Picture from everydayfoodblog.marthastewart.com
2 boneless, skinless chicken breasts (about 1 pound)
1 cup panko breadcrumbs
1/3 cup grated Parmesan cheese
1 tablespoon vegetable oil
1/2 cup all-purpose flour
Salt and pepper
3 large eggs, lightly beaten
(Mom's Note: I had about 3 pounds of chicken breasts and the 3 eggs were just perfect for it. If you are only using 1 pound of chicken breasts, cut the 3 eggs down to 1 egg.)
Spread the panko crumbs on a rimmed baking sheet and bake in a 400 degree oven for 6 to 8 minutes. Transfer to a shallow dish, add Parmesan, drizzle with oil to combine.
Prepare the chicken breasts: Cut the breasts into 3 sections across the grain (the short way). This makes about 2 inch segments. Now slice the 2 inch width into 1/2 inch sections. When you get to the "thin" end of the breast, you will need to cut it on the diagonal so the pieces are evenly sized.
Place flour in a shallow dish and season with salt and pepper. Place the lightly beaten egg(s) in another separate shallow dish.

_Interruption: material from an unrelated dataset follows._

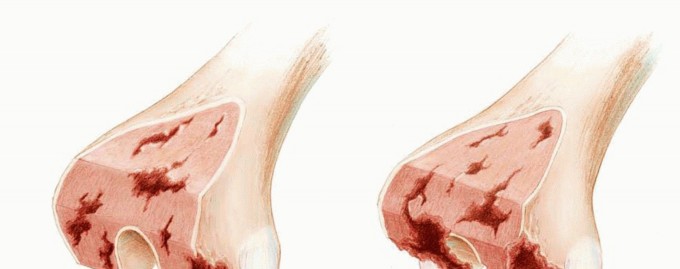 Illustration 2 for Optimizing Revision Femoral Component with Distal Femoral Bone Loss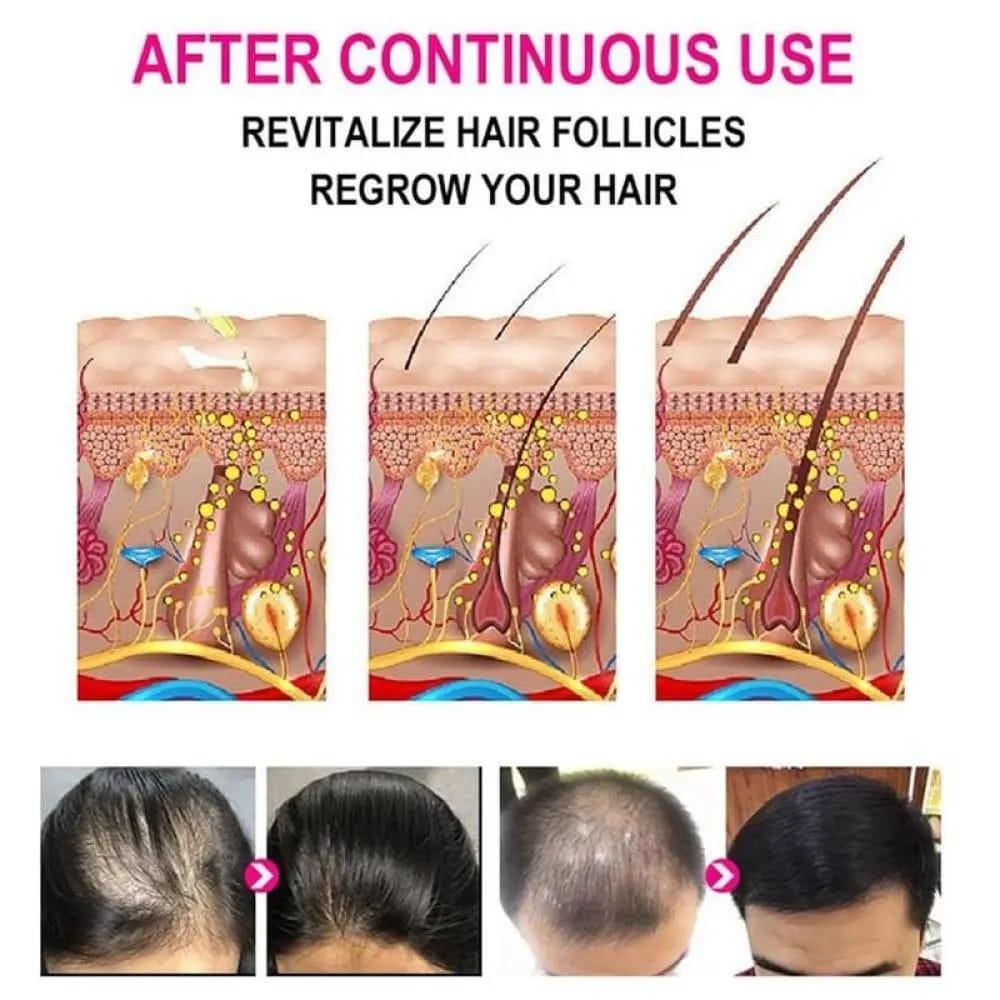 anti-grey-hair-serum-30ml_PD4326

Increase oven temperature to 450 degrees.
Coat the chicken in the seasoned flour, shaking off the excess then placing them upon a sheet of parchment paper and letting them sit for 10 minutes. You will notice that the flour is absorbed on the chicken pieces. Reflour the chicken pieces. Dip in egg, then coat with panko, pressing to adhere. Place on a sprayed cookie sheet. Bake until chicken is cooked through, about 12 minutes, flipping halfway through. Serve nuggets with sauce.
HONEY MUSTARD SAUCE
Combine 3 tablespoons Dijon mustard and 2 tablespoons each mayo and honey.
SPICY KETCHUP SAUCE
Combine 1/4 cup ketchup, 3 tablespoons spicy chili sauce, such as Sriracha; and 2 tablespoons mayo.